Data extract —

--------------------------------

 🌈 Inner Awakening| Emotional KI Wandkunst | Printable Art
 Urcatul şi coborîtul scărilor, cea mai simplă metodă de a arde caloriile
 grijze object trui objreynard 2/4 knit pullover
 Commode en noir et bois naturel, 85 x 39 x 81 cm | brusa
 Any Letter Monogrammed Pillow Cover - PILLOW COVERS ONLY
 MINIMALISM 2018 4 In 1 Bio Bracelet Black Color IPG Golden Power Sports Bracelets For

--------------------------------

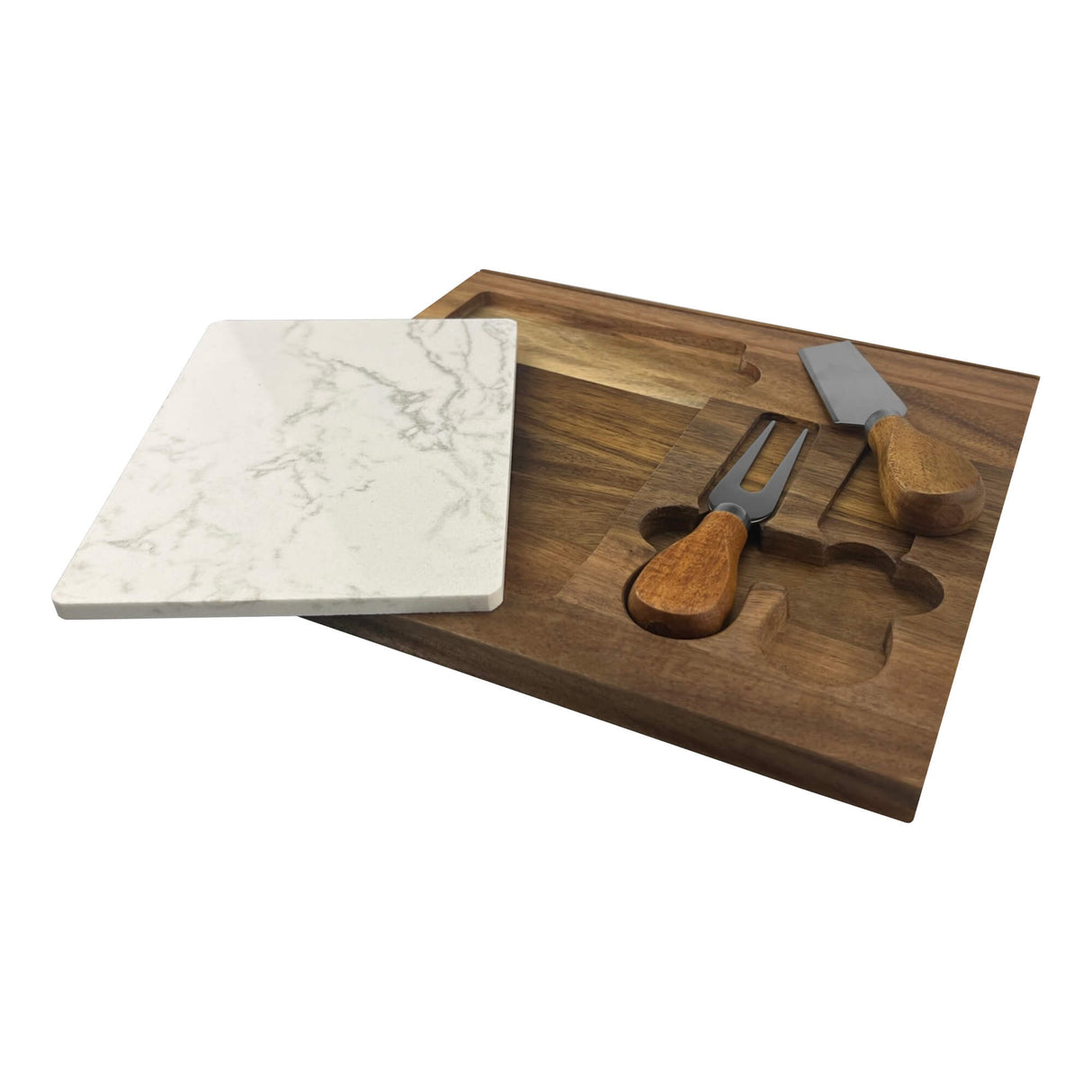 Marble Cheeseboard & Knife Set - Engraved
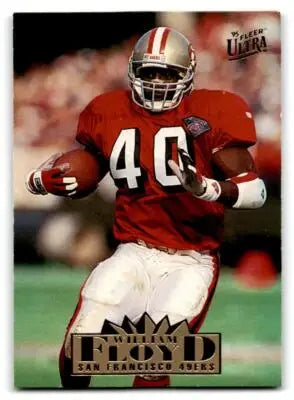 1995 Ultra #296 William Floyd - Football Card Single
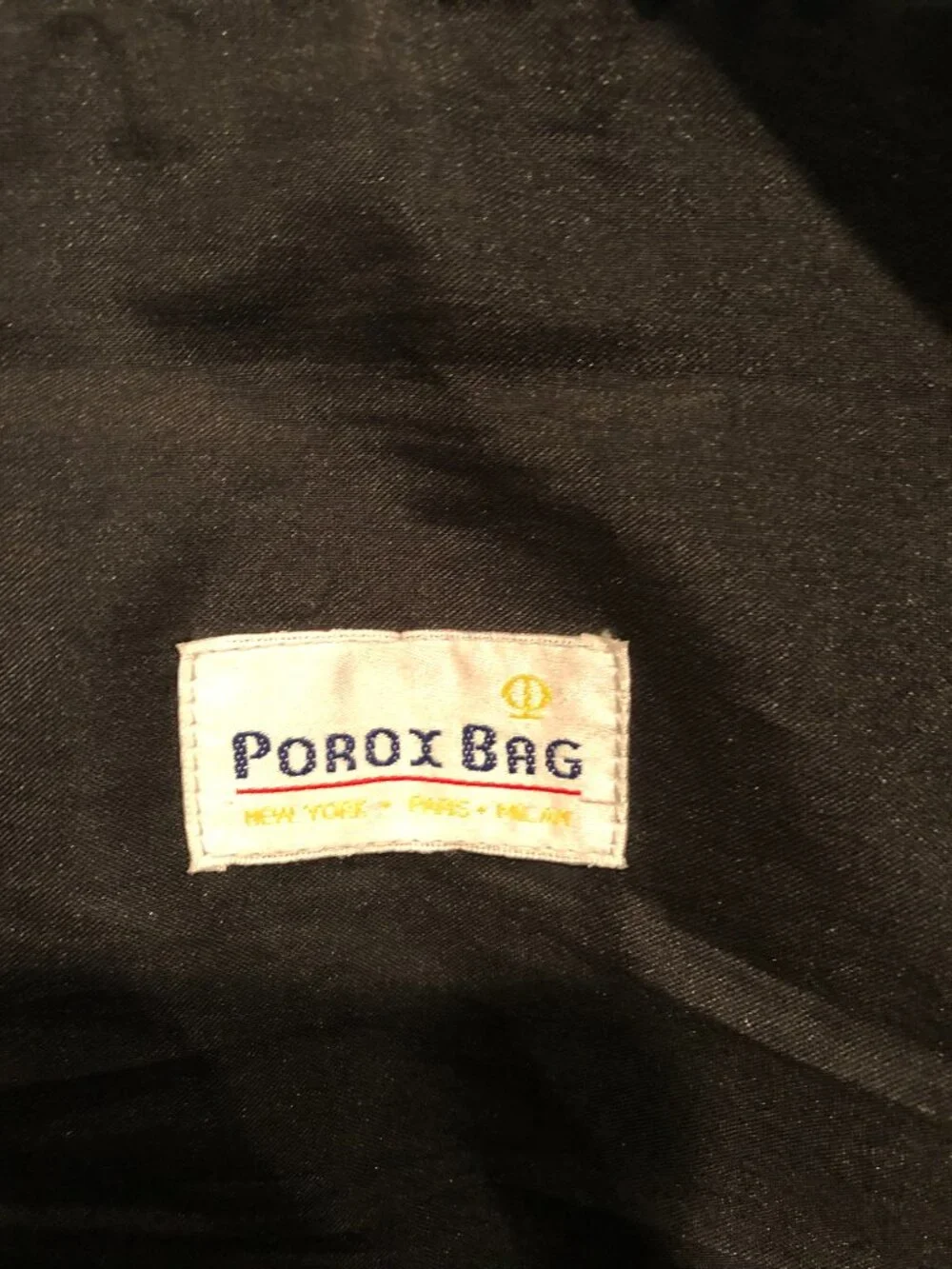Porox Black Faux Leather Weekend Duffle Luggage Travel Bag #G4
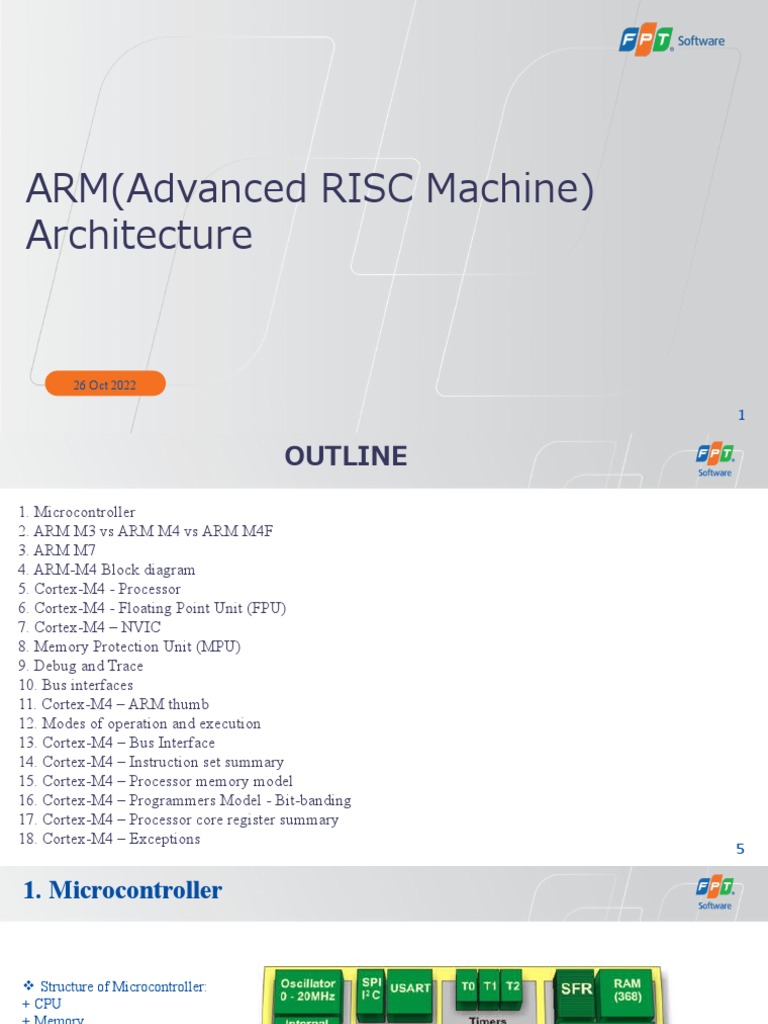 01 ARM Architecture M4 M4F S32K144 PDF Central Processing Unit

--------------------------------

Exact duplication is required for the lines above, from the line that contains "Urcatul şi coborîtul" to the line that contains "MINIMALISM 2018 4", inclusive; omit all others.

Solution to the exercise —
 Urcatul şi coborîtul scărilor, cea mai simplă metodă de a arde caloriile
 grijze object trui objreynard 2/4 knit pullover
 Commode en noir et bois naturel, 85 x 39 x 81 cm | brusa
 Any Letter Monogrammed Pillow Cover - PILLOW COVERS ONLY
 MINIMALISM 2018 4 In 1 Bio Bracelet Black Color IPG Golden Power Sports Bracelets For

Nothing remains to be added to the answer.